Ridley rowers show well at Nationals
Four Ridley College students accorded themselves well recently at the National Rowing Championship Regatta in Duncan, B.C.
Autumn Crowe, Charlotte Langlois, Jade Postma and Talia Nixon all competed at the small-boat regatta (single or pair) which is used as a ranking event by Rowing Canada.
“It’s great to be back to some regular racing. It was really a showcase for them to demonstrate their small-boat skills and to race against some of the top athletes in Canada was amazing,” Ridley senior girls rowing coach Siobhan McLaughlin said.
“Our athletes did very well. They did exactly what they set out to do which was stick to the race plan and get better every race. They showed a lot of maturity that way.”

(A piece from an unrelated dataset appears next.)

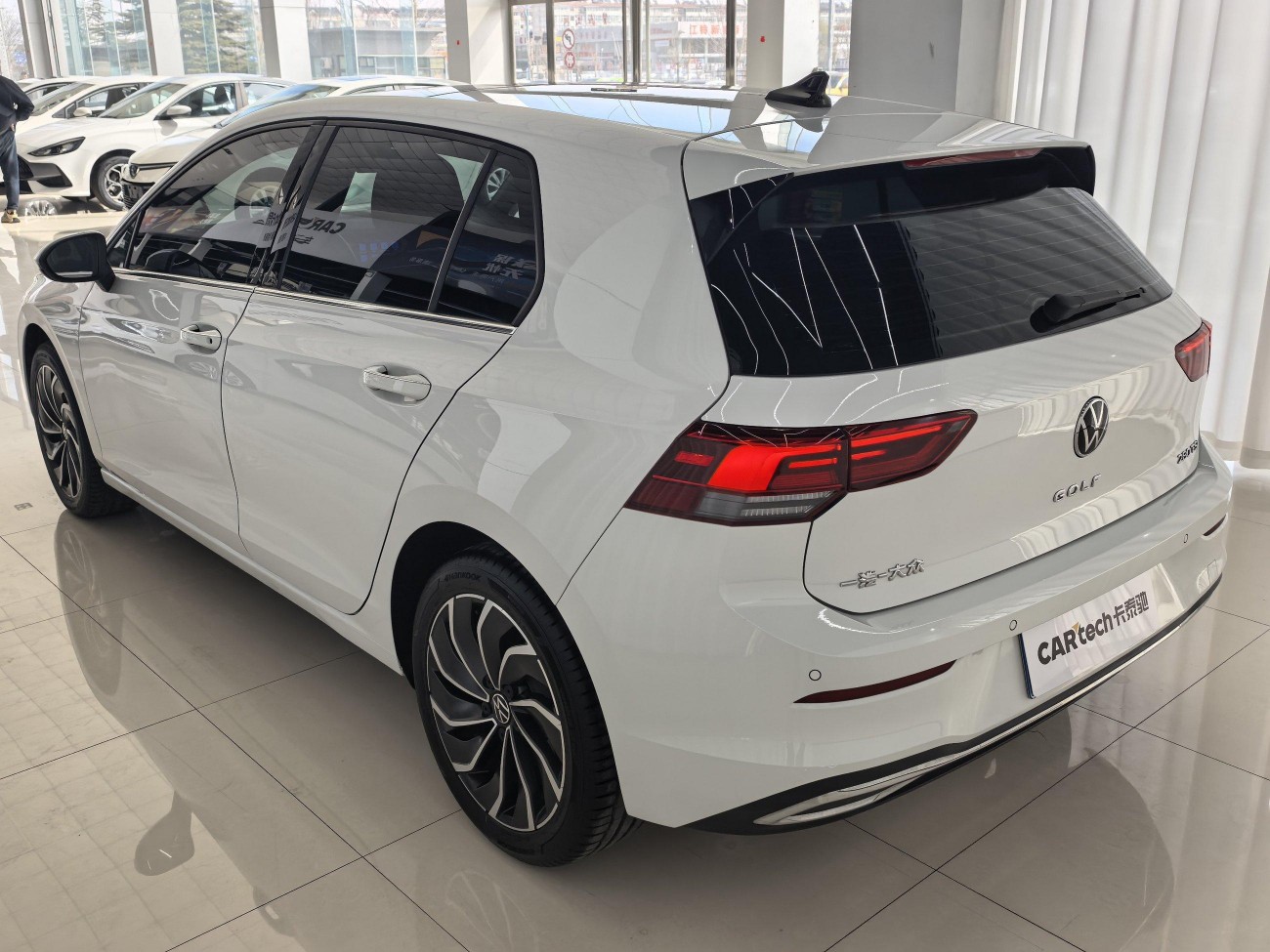 Volkswagen Golf 2024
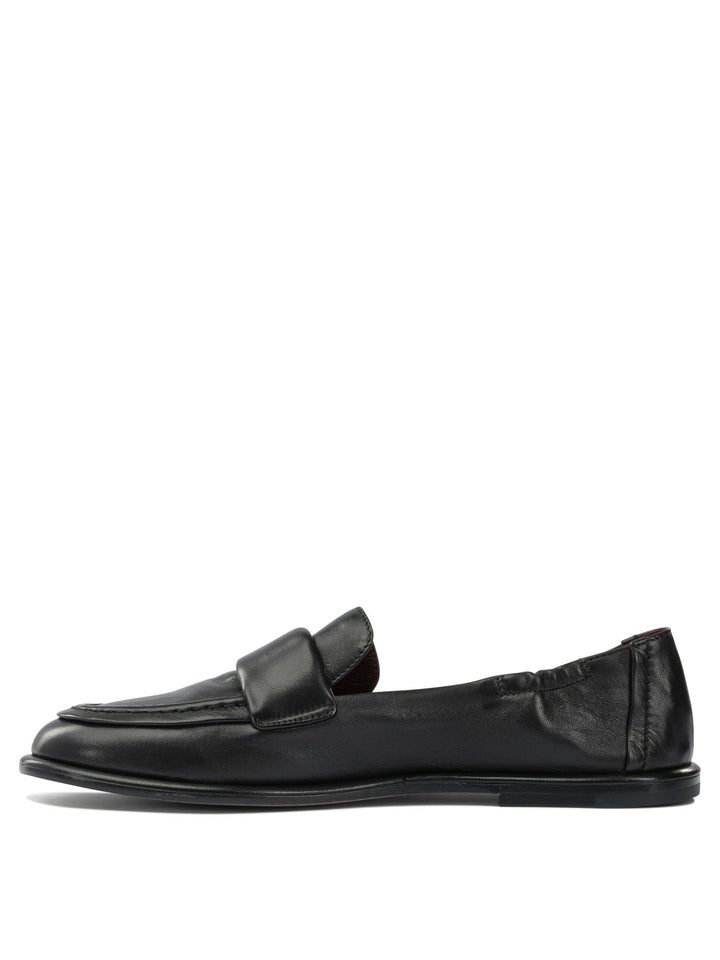 Pomme D'Or  Loafers & Slippers - Black | 3fa57eb80c6daca23126850b981240584e6f5db4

The athletes were ranked by time, rather than racing against each other based on age.
“Rowing Canada wants to get a ranking overall everybody’s speed,” McLaughlin said.
“It’s kind of a cool event that way.
“It’s a little bit more difficult technically because you have to have the small-boat skills to race in a single or a pair.”
Crowe, a 17-year-old Grade 12 student from St. Catharines, placed second in the U19 Women’s 1x and was in the B final which ranks her in the top 12 in Canada.
“I didn’t really go to many other races this season, NRC was the main goal and the main focus,” Crowe said. “I wasn’t trying to put too much pressure and focus on it but I knew in order to join the junior national team squad you had to come in the top two so my goal was top two.”
Crowe said she did her best focus on her performance rather than worry about others.
“I kind of knew my competition going in there and I was also trying to stay a little more internal,” she said. “Just trust in the training and what I know and that it would all work out good.”
Crowe was satisfied with her result but admitted the competition was top notch.
“I accomplished what I did want but it was tougher than I thought it would be,” she said. “You forget how fast people are — there are some really, really fast girls out there. You forget the field of competition.”
Crowe also recently committed to row at the University of Michigan for the fall of 2023.
“I’m very excited,” she said. “It’s such a big relief. The whole recruiting process was very stressful.”
Crowe said one look was all it took to convince her the school was the proper choice.
“As soon as I visited Michigan I knew I wanted to go there,” she said. “It was a weight lifted off my chest not having to stress about that. I see other Grade 12s stressing about that now and I know I went through that. It’s so nice to have that aspect looked after.”
Postma and Nixon teamed up to place third in the U19 Women’s pair.
Nixon, a 17-year-old native of Fredericton, N.B., loved the experience.
“We went out a few days early. It was really great to get into our groove and get used to the racing and new environment,” she said. “We had two days of races which was really good and being in B.C. was super amazing. Overall it was a great regatta.
“It was cool to be racing alongside Olympians and older women in the sport. It was really inspirational.”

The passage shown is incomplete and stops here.